**Task statement**
Below are the entries. Print only the lines starting at the one with "Rocketman Promo DVD" and ending at the one with "Kiều bào kỳ", exactly, with no pictures.

**Recorded information**
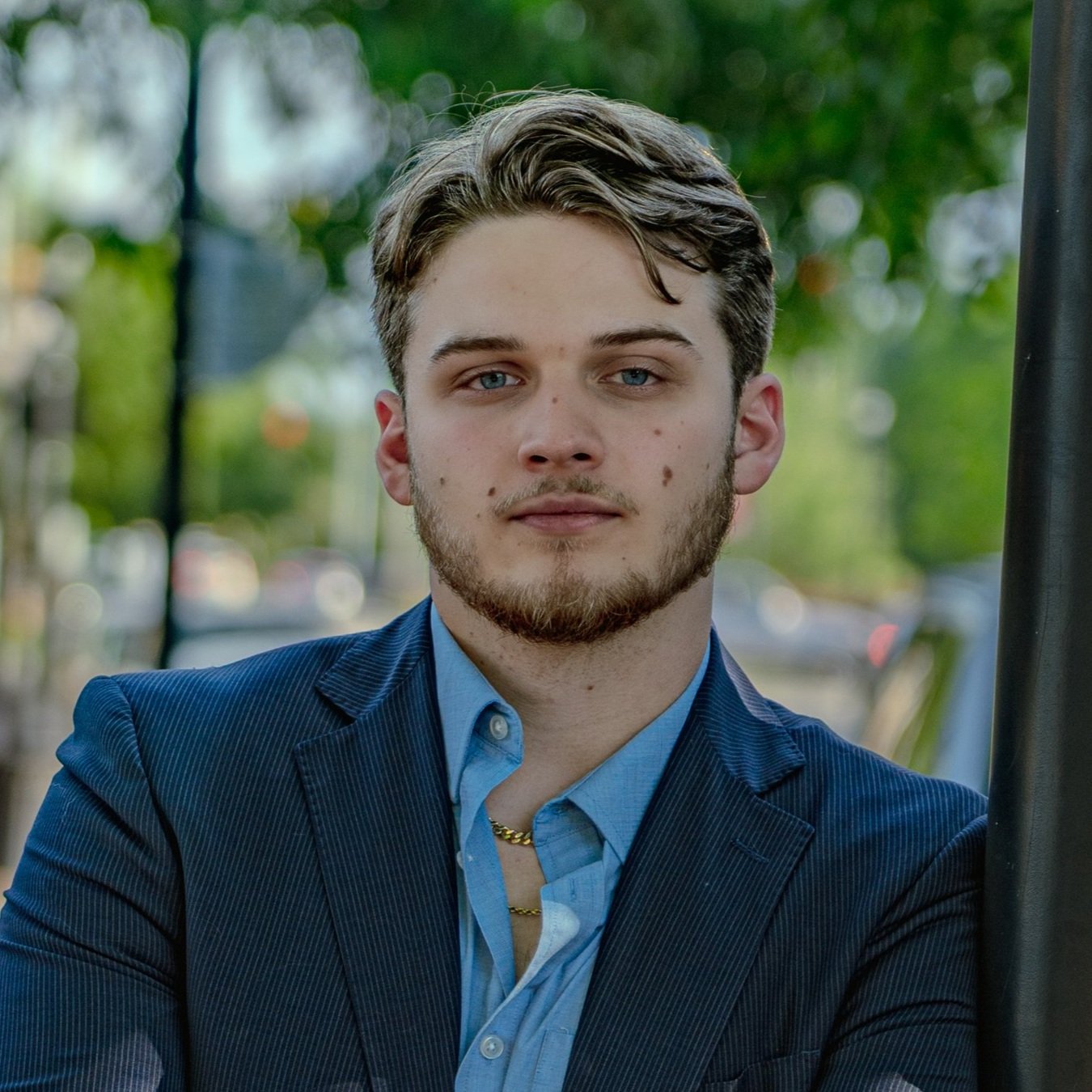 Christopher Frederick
---
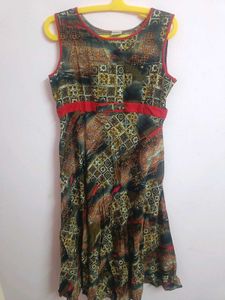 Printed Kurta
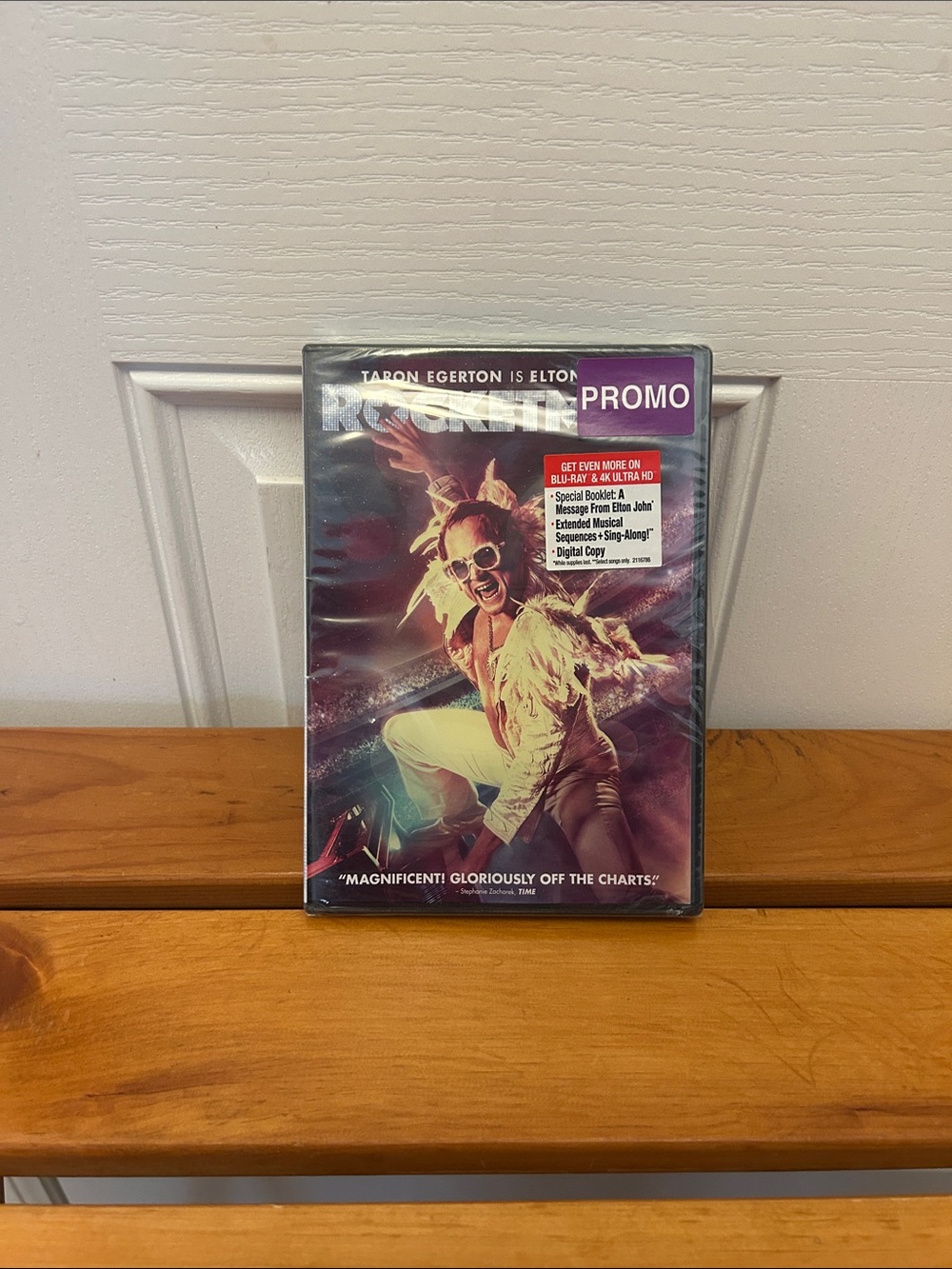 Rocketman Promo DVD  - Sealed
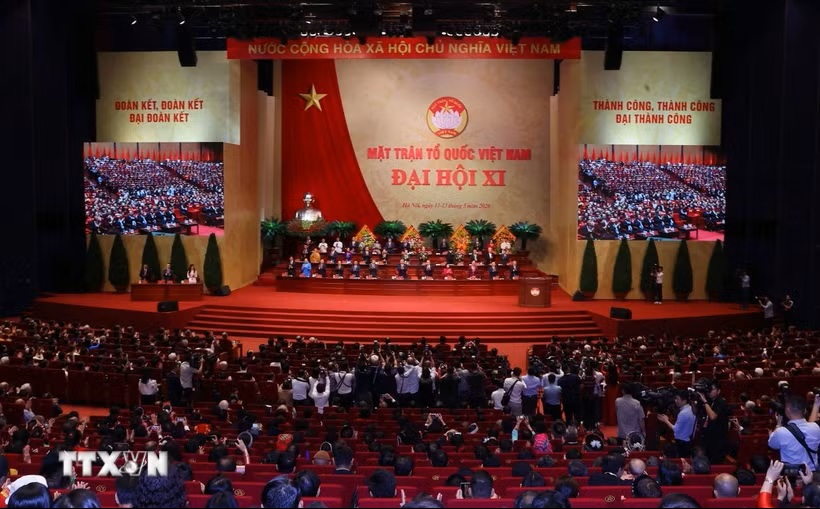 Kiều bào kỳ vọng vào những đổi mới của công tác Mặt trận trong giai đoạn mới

**Solution below**
 Rocketman Promo DVD  - Sealed
 Kiều bào kỳ vọng vào những đổi mới của công tác Mặt trận trong giai đoạn mới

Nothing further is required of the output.